ASSIGNMENT: The lines below, from the one containing "5D Chess with" through the one containing "1 The Snorks : a concert for creatures", should be set down exactly, with no pictures and nothing else.

PROVIDED MATERIAL:

------------------------------------------------------------------------

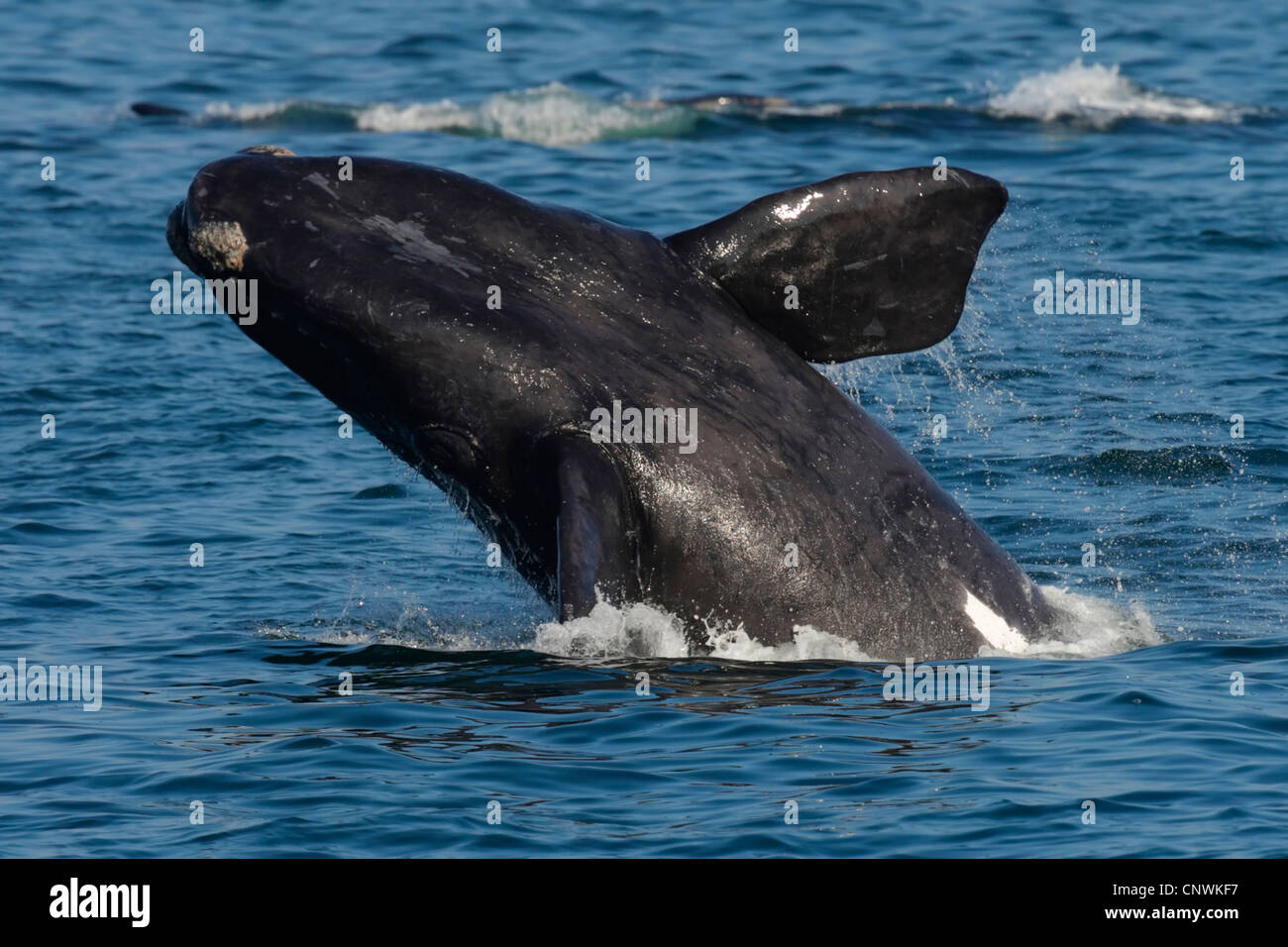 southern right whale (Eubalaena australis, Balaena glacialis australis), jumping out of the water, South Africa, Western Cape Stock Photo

------------------------------------------------------------------------

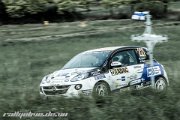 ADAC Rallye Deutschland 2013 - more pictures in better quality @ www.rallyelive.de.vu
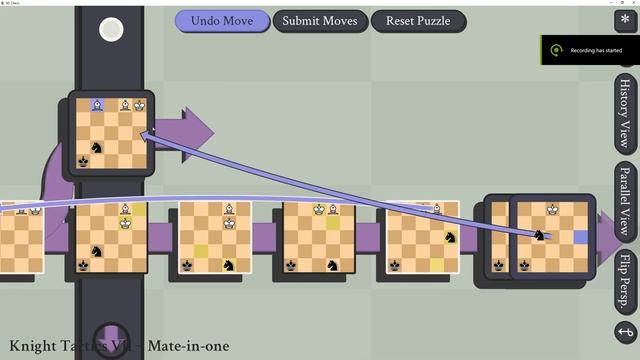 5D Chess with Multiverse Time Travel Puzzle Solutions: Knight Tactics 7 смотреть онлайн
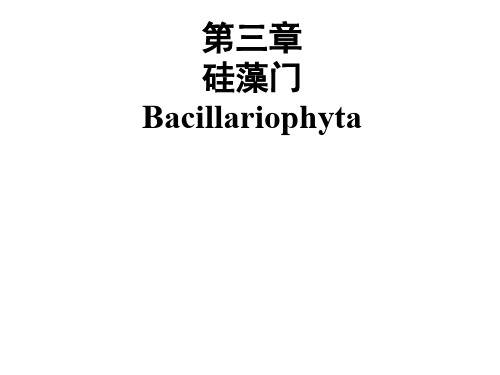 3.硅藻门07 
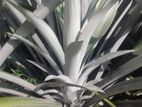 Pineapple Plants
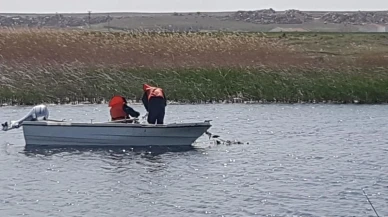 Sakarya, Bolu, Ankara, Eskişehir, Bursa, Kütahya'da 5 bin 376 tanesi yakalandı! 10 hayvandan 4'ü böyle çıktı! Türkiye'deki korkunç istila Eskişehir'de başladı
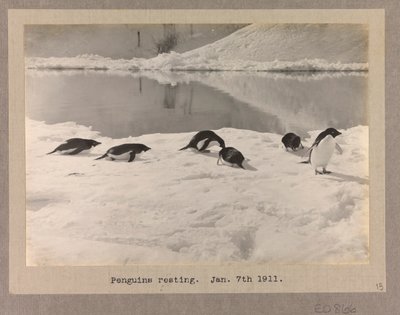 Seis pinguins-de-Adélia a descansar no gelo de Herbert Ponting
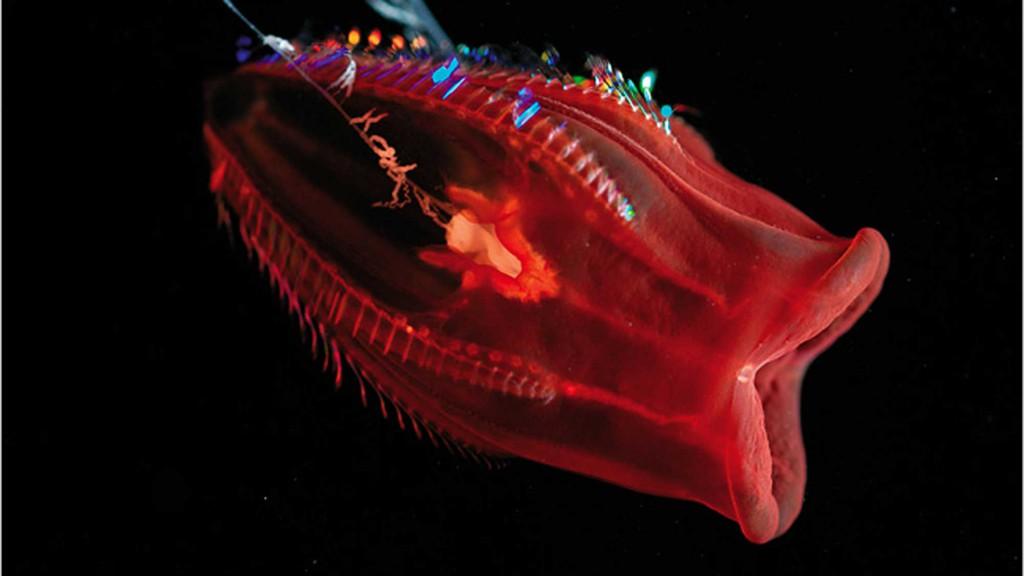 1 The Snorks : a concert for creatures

------------------------------------------------------------------------

ANSWER TO THE PROBLEM:
 5D Chess with Multiverse Time Travel Puzzle Solutions: Knight Tactics 7 смотреть онлайн
 3.硅藻门07 
 Pineapple Plants
 Sakarya, Bolu, Ankara, Eskişehir, Bursa, Kütahya'da 5 bin 376 tanesi yakalandı! 10 hayvandan 4'ü böyle çıktı! Türkiye'deki korkunç istila Eskişehir'de başladı
 Seis pinguins-de-Adélia a descansar no gelo de Herbert Ponting
 1 The Snorks : a concert for creatures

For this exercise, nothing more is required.